• [WHAT TO PRODUCE] Copy the records below without altering a single word.

===== DATA FOR THE TASK =====

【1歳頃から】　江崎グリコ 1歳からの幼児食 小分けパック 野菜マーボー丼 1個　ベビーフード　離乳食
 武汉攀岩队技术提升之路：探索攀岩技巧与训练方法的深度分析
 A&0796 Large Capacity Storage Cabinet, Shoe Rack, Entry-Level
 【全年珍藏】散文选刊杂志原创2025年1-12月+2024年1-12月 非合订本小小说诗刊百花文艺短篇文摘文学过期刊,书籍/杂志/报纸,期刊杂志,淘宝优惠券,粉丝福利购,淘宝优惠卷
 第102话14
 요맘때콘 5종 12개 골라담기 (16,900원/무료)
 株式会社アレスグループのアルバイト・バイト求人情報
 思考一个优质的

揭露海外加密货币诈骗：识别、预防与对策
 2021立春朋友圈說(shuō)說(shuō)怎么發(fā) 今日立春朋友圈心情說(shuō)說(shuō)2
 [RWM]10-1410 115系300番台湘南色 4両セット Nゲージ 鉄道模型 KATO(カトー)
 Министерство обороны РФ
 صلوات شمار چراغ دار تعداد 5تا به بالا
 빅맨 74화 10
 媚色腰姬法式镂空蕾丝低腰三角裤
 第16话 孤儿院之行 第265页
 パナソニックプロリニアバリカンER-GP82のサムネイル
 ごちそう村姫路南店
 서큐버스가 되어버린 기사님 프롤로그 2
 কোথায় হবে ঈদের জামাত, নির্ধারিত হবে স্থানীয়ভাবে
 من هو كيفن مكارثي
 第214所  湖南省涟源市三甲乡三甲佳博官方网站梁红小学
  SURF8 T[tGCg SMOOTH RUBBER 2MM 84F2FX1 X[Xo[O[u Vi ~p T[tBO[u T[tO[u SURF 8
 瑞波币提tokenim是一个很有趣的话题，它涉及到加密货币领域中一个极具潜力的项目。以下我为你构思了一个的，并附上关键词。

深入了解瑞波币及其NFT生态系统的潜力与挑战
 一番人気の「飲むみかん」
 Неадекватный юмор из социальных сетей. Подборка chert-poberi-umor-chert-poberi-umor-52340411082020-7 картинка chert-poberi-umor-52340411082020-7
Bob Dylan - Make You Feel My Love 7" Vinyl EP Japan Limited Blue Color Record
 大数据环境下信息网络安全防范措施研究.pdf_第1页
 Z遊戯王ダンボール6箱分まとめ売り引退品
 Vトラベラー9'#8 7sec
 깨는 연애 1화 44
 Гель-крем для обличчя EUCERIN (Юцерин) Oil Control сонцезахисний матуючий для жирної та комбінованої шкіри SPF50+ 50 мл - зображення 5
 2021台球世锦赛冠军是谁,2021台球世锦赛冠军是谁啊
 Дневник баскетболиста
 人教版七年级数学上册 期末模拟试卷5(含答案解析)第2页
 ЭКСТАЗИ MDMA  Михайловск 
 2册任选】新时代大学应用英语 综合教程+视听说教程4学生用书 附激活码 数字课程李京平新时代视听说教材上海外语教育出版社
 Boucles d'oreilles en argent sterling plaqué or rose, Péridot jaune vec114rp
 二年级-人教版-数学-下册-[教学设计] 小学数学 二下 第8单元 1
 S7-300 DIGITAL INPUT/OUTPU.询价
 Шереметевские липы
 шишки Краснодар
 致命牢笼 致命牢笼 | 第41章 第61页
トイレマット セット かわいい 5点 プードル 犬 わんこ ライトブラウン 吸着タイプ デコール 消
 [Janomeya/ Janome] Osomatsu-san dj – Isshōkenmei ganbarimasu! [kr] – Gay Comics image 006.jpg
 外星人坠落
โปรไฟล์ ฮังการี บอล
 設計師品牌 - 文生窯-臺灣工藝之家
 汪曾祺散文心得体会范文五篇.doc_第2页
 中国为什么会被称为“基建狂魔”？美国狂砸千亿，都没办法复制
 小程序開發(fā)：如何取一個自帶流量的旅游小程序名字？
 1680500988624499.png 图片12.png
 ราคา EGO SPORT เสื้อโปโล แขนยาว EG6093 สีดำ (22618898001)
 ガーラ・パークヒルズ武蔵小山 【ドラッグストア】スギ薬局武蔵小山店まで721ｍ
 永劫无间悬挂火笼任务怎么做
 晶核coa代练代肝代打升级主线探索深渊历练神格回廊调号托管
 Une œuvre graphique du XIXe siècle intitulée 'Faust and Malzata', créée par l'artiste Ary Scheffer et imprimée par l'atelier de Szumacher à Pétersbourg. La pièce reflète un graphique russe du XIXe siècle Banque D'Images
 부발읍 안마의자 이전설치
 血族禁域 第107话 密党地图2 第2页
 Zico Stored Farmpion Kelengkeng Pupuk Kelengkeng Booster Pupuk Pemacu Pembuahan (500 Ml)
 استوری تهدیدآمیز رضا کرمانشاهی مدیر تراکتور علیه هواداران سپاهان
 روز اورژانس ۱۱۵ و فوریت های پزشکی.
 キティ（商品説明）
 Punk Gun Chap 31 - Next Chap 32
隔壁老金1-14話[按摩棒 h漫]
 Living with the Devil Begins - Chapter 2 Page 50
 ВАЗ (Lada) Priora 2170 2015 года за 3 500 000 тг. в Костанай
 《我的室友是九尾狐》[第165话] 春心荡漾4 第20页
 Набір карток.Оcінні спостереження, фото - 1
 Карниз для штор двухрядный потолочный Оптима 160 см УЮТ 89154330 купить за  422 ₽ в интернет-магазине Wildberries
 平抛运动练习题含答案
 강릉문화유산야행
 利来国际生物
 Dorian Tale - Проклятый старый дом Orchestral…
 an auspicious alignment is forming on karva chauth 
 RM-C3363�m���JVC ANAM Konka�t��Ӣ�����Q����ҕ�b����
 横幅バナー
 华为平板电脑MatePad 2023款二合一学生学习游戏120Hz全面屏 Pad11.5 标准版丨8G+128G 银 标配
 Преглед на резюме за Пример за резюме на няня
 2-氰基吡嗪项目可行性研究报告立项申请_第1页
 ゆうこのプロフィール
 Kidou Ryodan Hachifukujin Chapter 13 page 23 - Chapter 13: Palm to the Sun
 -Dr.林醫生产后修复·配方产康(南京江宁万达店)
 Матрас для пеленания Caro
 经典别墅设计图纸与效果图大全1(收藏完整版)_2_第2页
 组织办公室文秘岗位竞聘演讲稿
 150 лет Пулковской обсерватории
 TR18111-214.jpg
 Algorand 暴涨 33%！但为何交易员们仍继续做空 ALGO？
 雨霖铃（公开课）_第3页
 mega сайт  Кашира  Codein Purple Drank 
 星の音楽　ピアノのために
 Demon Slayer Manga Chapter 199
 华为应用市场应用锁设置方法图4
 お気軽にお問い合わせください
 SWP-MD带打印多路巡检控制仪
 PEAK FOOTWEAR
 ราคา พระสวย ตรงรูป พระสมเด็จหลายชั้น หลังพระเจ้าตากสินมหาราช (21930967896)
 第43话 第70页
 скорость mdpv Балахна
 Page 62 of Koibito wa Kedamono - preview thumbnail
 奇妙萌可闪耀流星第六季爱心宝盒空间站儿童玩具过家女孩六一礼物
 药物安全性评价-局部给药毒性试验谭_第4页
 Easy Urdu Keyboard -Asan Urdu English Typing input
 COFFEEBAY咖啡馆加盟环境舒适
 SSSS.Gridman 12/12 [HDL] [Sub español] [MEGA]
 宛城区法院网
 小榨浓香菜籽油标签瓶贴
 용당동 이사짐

=====

• [RESPONSE TO THIS TASK]
【1歳頃から】　江崎グリコ 1歳からの幼児食 小分けパック 野菜マーボー丼 1個　ベビーフード　離乳食
 武汉攀岩队技术提升之路：探索攀岩技巧与训练方法的深度分析
 A&0796 Large Capacity Storage Cabinet, Shoe Rack, Entry-Level
 【全年珍藏】散文选刊杂志原创2025年1-12月+2024年1-12月 非合订本小小说诗刊百花文艺短篇文摘文学过期刊,书籍/杂志/报纸,期刊杂志,淘宝优惠券,粉丝福利购,淘宝优惠卷
 第102话14
 요맘때콘 5종 12개 골라담기 (16,900원/무료)
 株式会社アレスグループのアルバイト・バイト求人情報
 思考一个优质的

揭露海外加密货币诈骗：识别、预防与对策
 2021立春朋友圈說(shuō)說(shuō)怎么發(fā) 今日立春朋友圈心情說(shuō)說(shuō)2
 [RWM]10-1410 115系300番台湘南色 4両セット Nゲージ 鉄道模型 KATO(カトー)
 Министерство обороны РФ
 صلوات شمار چراغ دار تعداد 5تا به بالا
 빅맨 74화 10
 媚色腰姬法式镂空蕾丝低腰三角裤
 第16话 孤儿院之行 第265页
 パナソニックプロリニアバリカンER-GP82のサムネイル
 ごちそう村姫路南店
 서큐버스가 되어버린 기사님 프롤로그 2
 কোথায় হবে ঈদের জামাত, নির্ধারিত হবে স্থানীয়ভাবে
 من هو كيفن مكارثي
 第214所  湖南省涟源市三甲乡三甲佳博官方网站梁红小学
  SURF8 T[tGCg SMOOTH RUBBER 2MM 84F2FX1 X[Xo[O[u Vi ~p T[tBO[u T[tO[u SURF 8
 瑞波币提tokenim是一个很有趣的话题，它涉及到加密货币领域中一个极具潜力的项目。以下我为你构思了一个的，并附上关键词。

深入了解瑞波币及其NFT生态系统的潜力与挑战
 一番人気の「飲むみかん」
 Неадекватный юмор из социальных сетей. Подборка chert-poberi-umor-chert-poberi-umor-52340411082020-7 картинка chert-poberi-umor-52340411082020-7
Bob Dylan - Make You Feel My Love 7" Vinyl EP Japan Limited Blue Color Record
 大数据环境下信息网络安全防范措施研究.pdf_第1页
 Z遊戯王ダンボール6箱分まとめ売り引退品
 Vトラベラー9'#8 7sec
 깨는 연애 1화 44
 Гель-крем для обличчя EUCERIN (Юцерин) Oil Control сонцезахисний матуючий для жирної та комбінованої шкіри SPF50+ 50 мл - зображення 5
 2021台球世锦赛冠军是谁,2021台球世锦赛冠军是谁啊
 Дневник баскетболиста
 人教版七年级数学上册 期末模拟试卷5(含答案解析)第2页
 ЭКСТАЗИ MDMA  Михайловск 
 2册任选】新时代大学应用英语 综合教程+视听说教程4学生用书 附激活码 数字课程李京平新时代视听说教材上海外语教育出版社
 Boucles d'oreilles en argent sterling plaqué or rose, Péridot jaune vec114rp
 二年级-人教版-数学-下册-[教学设计] 小学数学 二下 第8单元 1
 S7-300 DIGITAL INPUT/OUTPU.询价
 Шереметевские липы
 шишки Краснодар
 致命牢笼 致命牢笼 | 第41章 第61页
トイレマット セット かわいい 5点 プードル 犬 わんこ ライトブラウン 吸着タイプ デコール 消
 [Janomeya/ Janome] Osomatsu-san dj – Isshōkenmei ganbarimasu! [kr] – Gay Comics image 006.jpg
 外星人坠落
โปรไฟล์ ฮังการี บอล
 設計師品牌 - 文生窯-臺灣工藝之家
 汪曾祺散文心得体会范文五篇.doc_第2页
 中国为什么会被称为“基建狂魔”？美国狂砸千亿，都没办法复制
 小程序開發(fā)：如何取一個自帶流量的旅游小程序名字？
 1680500988624499.png 图片12.png
 ราคา EGO SPORT เสื้อโปโล แขนยาว EG6093 สีดำ (22618898001)
 ガーラ・パークヒルズ武蔵小山 【ドラッグストア】スギ薬局武蔵小山店まで721ｍ
 永劫无间悬挂火笼任务怎么做
 晶核coa代练代肝代打升级主线探索深渊历练神格回廊调号托管
 Une œuvre graphique du XIXe siècle intitulée 'Faust and Malzata', créée par l'artiste Ary Scheffer et imprimée par l'atelier de Szumacher à Pétersbourg. La pièce reflète un graphique russe du XIXe siècle Banque D'Images
 부발읍 안마의자 이전설치
 血族禁域 第107话 密党地图2 第2页
 Zico Stored Farmpion Kelengkeng Pupuk Kelengkeng Booster Pupuk Pemacu Pembuahan (500 Ml)
 استوری تهدیدآمیز رضا کرمانشاهی مدیر تراکتور علیه هواداران سپاهان
 روز اورژانس ۱۱۵ و فوریت های پزشکی.
 キティ（商品説明）
 Punk Gun Chap 31 - Next Chap 32
隔壁老金1-14話[按摩棒 h漫]
 Living with the Devil Begins - Chapter 2 Page 50
 ВАЗ (Lada) Priora 2170 2015 года за 3 500 000 тг. в Костанай
 《我的室友是九尾狐》[第165话] 春心荡漾4 第20页
 Набір карток.Оcінні спостереження, фото - 1
 Карниз для штор двухрядный потолочный Оптима 160 см УЮТ 89154330 купить за  422 ₽ в интернет-магазине Wildberries
 平抛运动练习题含答案
 강릉문화유산야행
 利来国际生物
 Dorian Tale - Проклятый старый дом Orchestral…
 an auspicious alignment is forming on karva chauth 
 RM-C3363�m���JVC ANAM Konka�t��Ӣ�����Q����ҕ�b����
 横幅バナー
 华为平板电脑MatePad 2023款二合一学生学习游戏120Hz全面屏 Pad11.5 标准版丨8G+128G 银 标配
 Преглед на резюме за Пример за резюме на няня
 2-氰基吡嗪项目可行性研究报告立项申请_第1页
 ゆうこのプロフィール
 Kidou Ryodan Hachifukujin Chapter 13 page 23 - Chapter 13: Palm to the Sun
 -Dr.林醫生产后修复·配方产康(南京江宁万达店)
 Матрас для пеленания Caro
 经典别墅设计图纸与效果图大全1(收藏完整版)_2_第2页
 组织办公室文秘岗位竞聘演讲稿
 150 лет Пулковской обсерватории
 TR18111-214.jpg
 Algorand 暴涨 33%！但为何交易员们仍继续做空 ALGO？
 雨霖铃（公开课）_第3页
 mega сайт  Кашира  Codein Purple Drank 
 星の音楽　ピアノのために
 Demon Slayer Manga Chapter 199
 华为应用市场应用锁设置方法图4
 お気軽にお問い合わせください
 SWP-MD带打印多路巡检控制仪
 PEAK FOOTWEAR
 ราคา พระสวย ตรงรูป พระสมเด็จหลายชั้น หลังพระเจ้าตากสินมหาราช (21930967896)
 第43话 第70页
 скорость mdpv Балахна
 Page 62 of Koibito wa Kedamono - preview thumbnail
 奇妙萌可闪耀流星第六季爱心宝盒空间站儿童玩具过家女孩六一礼物
 药物安全性评价-局部给药毒性试验谭_第4页
 Easy Urdu Keyboard -Asan Urdu English Typing input
 COFFEEBAY咖啡馆加盟环境舒适
 SSSS.Gridman 12/12 [HDL] [Sub español] [MEGA]
 宛城区法院网
 小榨浓香菜籽油标签瓶贴
 용당동 이사짐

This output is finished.